1. Hold a bedsheet flat and taut. (A "stretchy" sheet or blanket works best.) Have students stand around the bedsheet.
2. Roll several small balls back and forth across it. Observe their paths. The balls roll straight across the sheet. If Student A rolls a ball across the sheet toward Student B, the ball rolls straight to Student B- its path does not change.
3. Now place a heavy ball or weight in the center of the bedsheet. Hold the sheet taut, but let it sag in the middle where the weight is.
4. Roll the small balls across the sheet again. Observe their paths. This time, if Student A rolls a ball across the sheet toward Student B, the ball curves away from Student B- its path does change. Try and make the balls curve around the weight in some kind of orbit.
Why do the balls curve around the weight? Because they have no choice! In this model of spacetime, as the balls roll across the sheet, they are "gripped" by the sheet. Whatever shape the sheet takes, the balls will follow. In areas of space where the structure is flat, the balls roll straight. In areas of space near masses, spacetime curves and the balls curvewith it.
Mass distorts spacetime, causing it to curve.

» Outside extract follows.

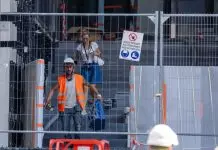 Βρυξέλλες: Έξι νεκροί εργάτες σε ασανσέρ μετά από φωτιά στον πύργο Oxy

Gravity can be described as motion caused in curved spacetime .Gravity in general relativity is described in terms of curved spacetime. The idea that spacetime is distorted by motion, as in special relativity, is extended to gravity by the equivalence principle. Gravity comes from matter, so the presence of matter causes distortions or warps in spacetime. Matter tells spacetime how to curve, and spacetime tells matter how to move (orbits).